### [The problem]
Would you please repeat, word for word, only the lines from the one holding "To cultivate this" through the one holding "Okay, so there" in the material below, without the pictures?

### [Material for the task]
════════════════════

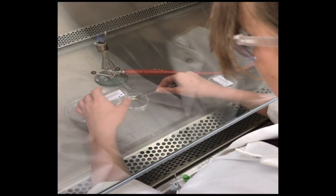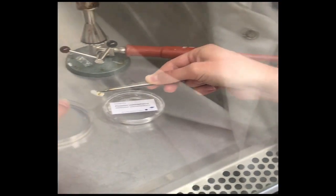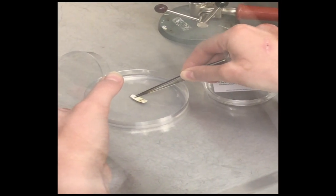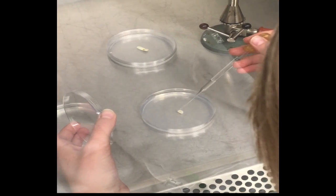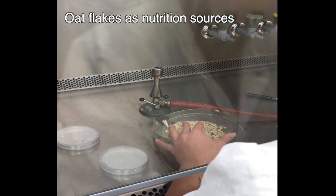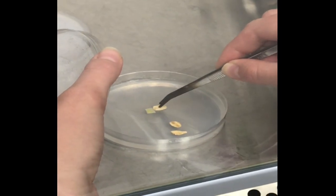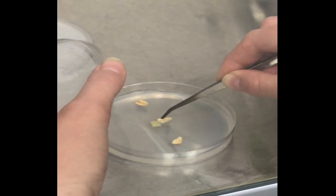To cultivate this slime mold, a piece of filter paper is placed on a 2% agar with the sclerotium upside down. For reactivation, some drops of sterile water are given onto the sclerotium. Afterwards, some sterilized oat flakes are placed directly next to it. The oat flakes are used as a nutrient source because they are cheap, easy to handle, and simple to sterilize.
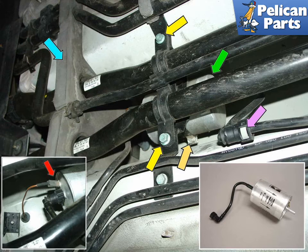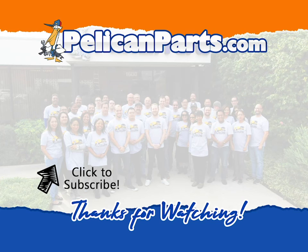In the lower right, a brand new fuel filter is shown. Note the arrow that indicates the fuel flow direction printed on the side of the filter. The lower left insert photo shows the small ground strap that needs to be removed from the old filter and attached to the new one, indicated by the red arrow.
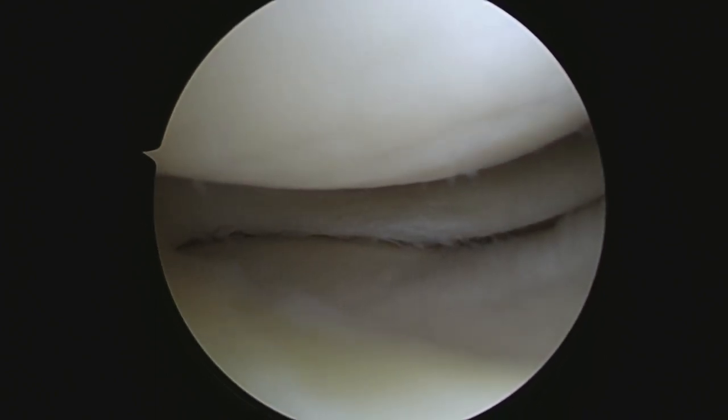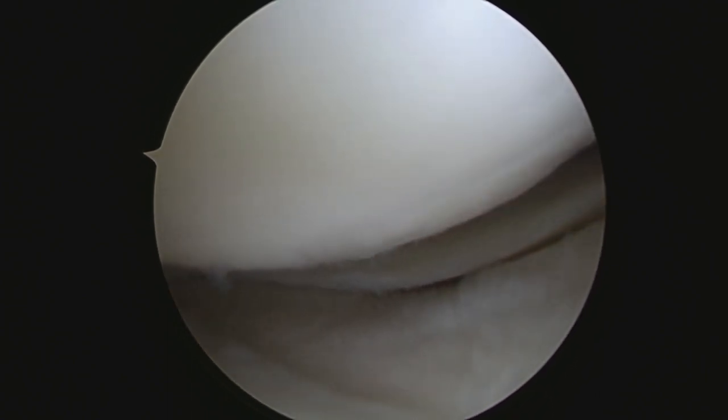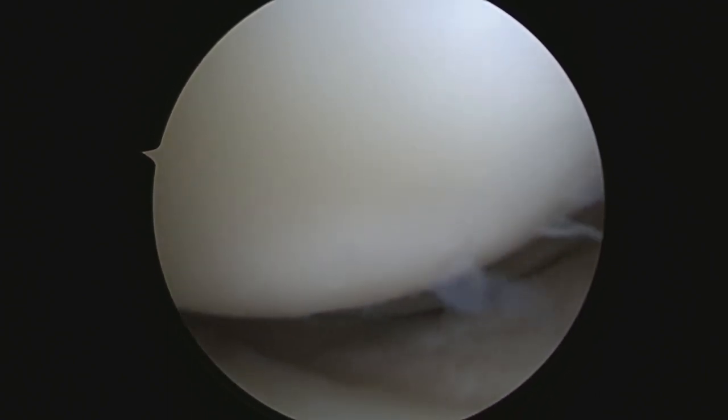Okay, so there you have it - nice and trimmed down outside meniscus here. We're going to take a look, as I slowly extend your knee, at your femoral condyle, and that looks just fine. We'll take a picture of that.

════════════════════

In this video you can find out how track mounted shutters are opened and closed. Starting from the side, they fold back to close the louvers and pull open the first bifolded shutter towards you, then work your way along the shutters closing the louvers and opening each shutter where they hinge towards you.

════════════════════

### [Answer]
To cultivate this slime mold, a piece of filter paper is placed on a 2% agar with the sclerotium upside down. For reactivation, some drops of sterile water are given onto the sclerotium. Afterwards, some sterilized oat flakes are placed directly next to it. The oat flakes are used as a nutrient source because they are cheap, easy to handle, and simple to sterilize.
In the lower right, a brand new fuel filter is shown. Note the arrow that indicates the fuel flow direction printed on the side of the filter. The lower left insert photo shows the small ground strap that needs to be removed from the old filter and attached to the new one, indicated by the red arrow.
Okay, so there you have it - nice and trimmed down outside meniscus here. We're going to take a look, as I slowly extend your knee, at your femoral condyle, and that looks just fine. We'll take a picture of that.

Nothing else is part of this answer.